Saturday, September 7, 2013
Sarah Godfroy motions with her hands: “Everyone gather ‘round. Everyone come closer. Sometimes people will join us who are not part of our group.”
It’s 1986, midnight in Moscow, and we have just arrived at Hotel Berlin. Twenty-three students, two teachers, and a handful of parents from Seattle.
It’s January, two days before the Challenger disaster.
The man who was trying to join our group shadowed us everywhere we went. Every tour, every restaurant, the overnight train trip from Moscow to St. Petersburg, the flight out, even, from St. Petersburg to Helsinki.
This was how the Soviet Union stayed at ‘full employment.’
Now every time I say to a Russian, “I was last here in ’86,” the door flies open to a discussion of before and after.
The first time, the Soviet effort to keep us separated from the people we were there to visit was undone by the explosion of the Challenger. Everywhere we went, people approached us on the street and offered genuine sympathy and concern and told us how sorry they were.
Now I am here for the World Track and Field Championships and am trying to find this new and different Moscow.
Still it's not easy, but you do get around and no one follows.
I undertake three epic walks.
The first is designed by Kirill, a smart and thoughtful front desk staffer at my hotel. With a degree in journalism, Kirill is working at the hotel to improve his already excellent English; he knows where he’s going.
I take the Metro to a stop short of Red Square and instead of turning left to the Kremlin, Kirill has me turn right towards a church. It’s getting late but it doesn’t matter.
The sun is setting, the domes are gold, and I have brought my camera.
I do a 6 kilometer ‘block’ which brings me around the Kremlin off the tourist path. In the distance I see the entrance Sarah brought us through on that frigid night twenty-seven years ago. We walked ten minutes from our hotel to Red Square and entered through an arch as the square burst before us.
As I approach the Kremlin this time, it’s not midnight but dusk on a warm evening that brings out walkers, picknickers, readers, and obsessive texters.
On the expansive lawn just ahead of me, a woman is giving her partner an energetic massage. How sweet, I think, how devoted of her to be so generous to him. The new Moscow, where public displays of affection - between straight people - are part and parcel of everyday life.
As the path brings me closer, I realize what’s taking place between them is a bit more than massage… who knew that on this day of only one final - the men’s 50k walk - there was so much action in the field events after all?
Not a chance of this happening in 1986, as this would earn you a one-way ticket into the Gulag.
Red Square is dominated by the Kremlin wall on one side and Gum’s Department store on the other. Then, there was great discomfort in having access to stores, food, and supplies everyday Russians could not get close to. Now, Gum’s is dominated by Western status symbol companies and still I wonder who has access.

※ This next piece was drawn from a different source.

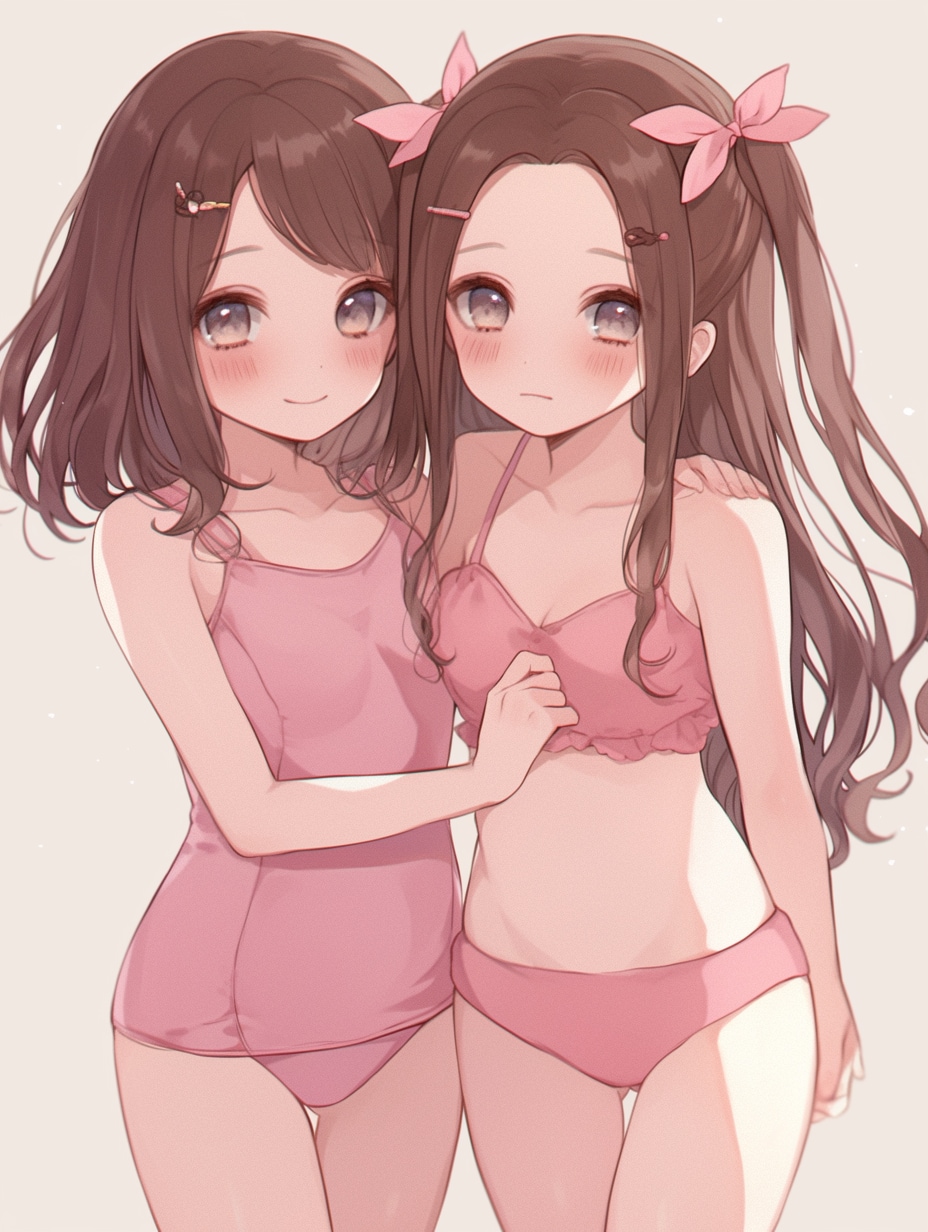 水着少女37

A morning walk draws me to the cluster of new skyscrapers that now dominate Moscow’s skyline. A one-hour stroll becomes three and a half as I make numerous detours through neighborhoods on the way.
I stop at a café whose décor is dominated by heavy red velvet drapes that provide the faux intimacy that attracts us back to our own places like this time and time again.
An enormous graveyard unsettles me. I have strong enough feelings about not wishing to take up any space when I’m gone; if everyone occupies as much space as each person here, what will be left for our descendants? Photos are engraved into headstones, and many have etched autographs of the dearly departed.
I ask Kirill about this place, thinking I’ve stumbled upon a landmark when in fact this graveyard is one of many. “Moscow has millions of people. Moscow has many dead people,” he deadpans with irrefutable logic.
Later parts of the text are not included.